Trabzonspor Divan Başkanlık Kurulu Başkanlığı seçimi için geri sayıma geçildi. Mevcut Başkan Ali Sürmen’in yeniden aday olduğu genel kurul için Bülent Akyazıcı da geçtiğimiz günlerde adaylığını açıklamıştı. 28 Nisan’da yapılacak olan Genel Kurul için Dr.Erdal Atalay, Muhittin Öztürk, Hayrettin Hacısalihoğlu, Suheyl Önen ve Bülent Akyazıcı, ortak bir yazılı basın açıklaması yaptı. Açıklama şöyle; “Sevgili Trabzonsporlular; Yaptığımız görüşmeler ve bizlere iletilen şikayetler sonucunda Divan üyelerimizin büyük bir çoğunluğunun değişimden yana tavır aldıklarını gözlemliyoruz.

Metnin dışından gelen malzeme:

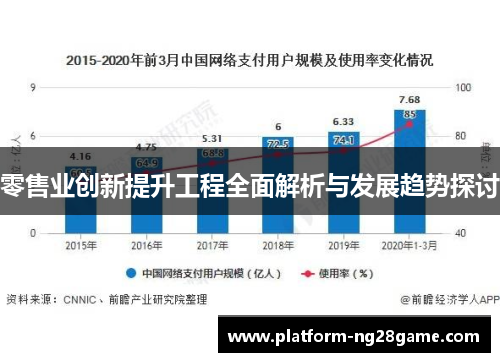 零售业创新提升工程全面解析与发展趋势探讨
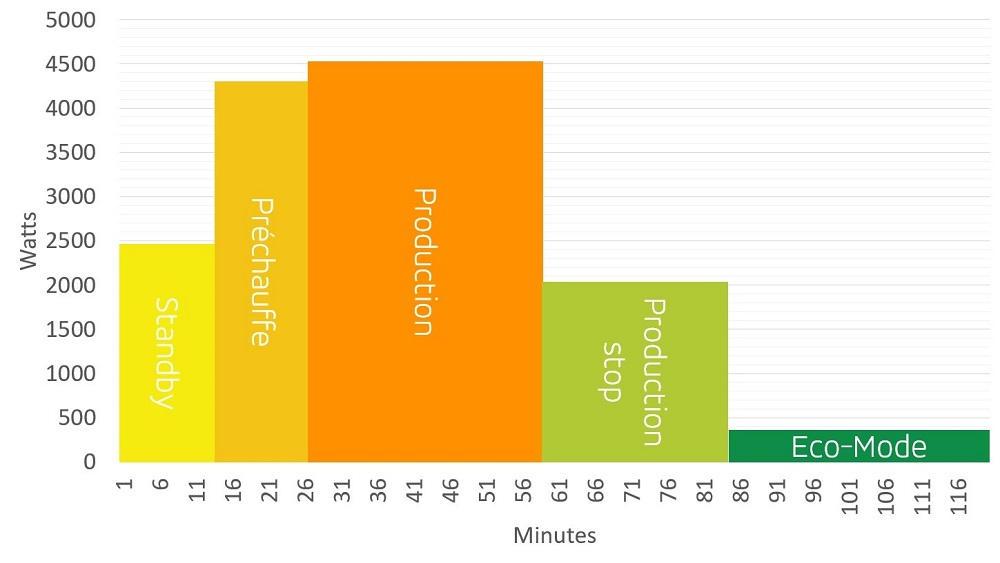 L’efficience énergétique des tours Tornos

“DOĞRU VE ETİK BULMUYORUZ”

Aşağıda imzası bulunan bizler de üyelerimizin taleplerini geri çevirmemek adına Ali Sürmen’in Divan Başkanlık Kurulu Başkanlığı’na yeniden aday olmasını doğru ve etik bulmuyoruz. Mevcut Başkan’ın, kulübümüzün menfaatlerine göre değil, kendi çıkarlarına göre hazırladığı tüzük düzenlemesi ve o taslağın geçirildiği kongredeki hukuki atraksiyonlarla 54 yıllık geçmişe sahip olan Trabzonspor’umuzun 2 bin 500 seviyesindeki divan üyeleri arasından başkan olma niteliğine sahip kişi sayısı 30 kişiyi geçmeyecek halde sınırlandırılmıştır.

“ŞAHSİ FAYDA MI, SİYASİ HEDEF Mİ?”

Trabzonspor Kulübü’nün örf, adet ve geleneklerine göre Divan başkanlığı yapanlar en fazla 2 dönem bu görevi yerine getirirler, ardından da koltuğu, aday olmadan, yeni gelecek isme devrederlerdi.

Mevcut Başkan’ın bu teamüle rağmen süreci zorlamasının sebebini, kulüp yararına anlayabilmek mümkün değildir. Eğer bu ısrarın arkasında herhangi bir şahsi fayda, ikbal beklentisi ve siyasi hedef varsa bu da ayrıca değerlendirilesi gereken bir durumdur.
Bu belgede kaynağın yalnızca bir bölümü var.